Rahul Subramaniam: Yeah.

Hilary Doyle: Yes. But I have a problem with that because especially for Rahul, who is currently living in India, cattle are holy.

This is AWS Insiders, an original podcast from CloudFix, bringing you what you need to know about AWS through the people and the companies that know it best. CloudFix is the nonstop automated way to find and fix AWS recommended savings opportunities. It never stops. I’m Hilary Doyle. I’m the co-founder of Wealthy Works Daily.

Rahul Subramaniam: And I’m Rahul Subramaniam. I’m the founder of CloudFix.

Hilary Doyle: Rahul, we are talking about infrastructure as code today. I’m extremely excited, so don’t get me wrong. I am looking forward to the show, but I’m also wondering if this might be our shortest episode ever.

Rahul Subramaniam: That would be an absolute shock to me, Hilary. But again, I like efficiency. So what have you got?

Hilary Doyle: Okay. Well, thank you for letting me continue. The thing about IaC seems to be, from my layperson’s perspective, that it’s a pretty complicated DevOps approach that sort of masquerades as an easy fix.
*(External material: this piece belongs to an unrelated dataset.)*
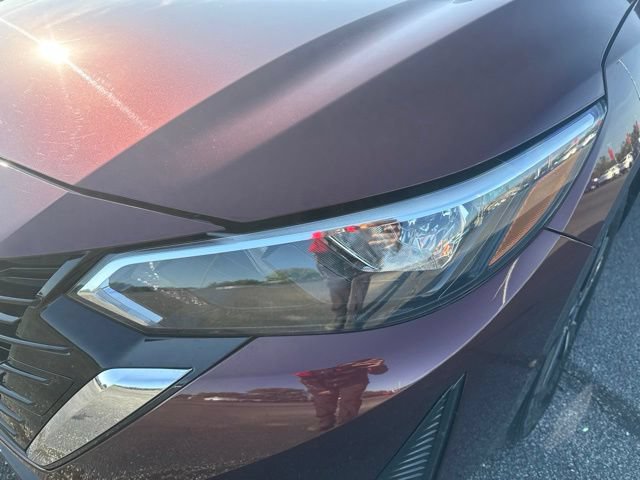 Used 2025 Nissan Sentra SV FWD image 9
I say this because I have read a lot of not so subtle cries for help from engineers who are saying, “Everybody else seems to be having a really easy time with this. So what am I doing wrong?”

Listen, from my perspective, it just seems like IaC is complicated because code gets complicated, particularly when configurations are dynamic over time. And I just-

Rahul Subramaniam: Hilary, Hilary, hold on, hold on. Hold on one second. One second.

Hilary Doyle: Uh-huh?

Rahul Subramaniam: It sounds like you have questions that’s going to take another 30 minutes to articulate.

Hilary Doyle: Oh, I’m sure.

Rahul Subramaniam: So what are you driving at? Let’s get right to it.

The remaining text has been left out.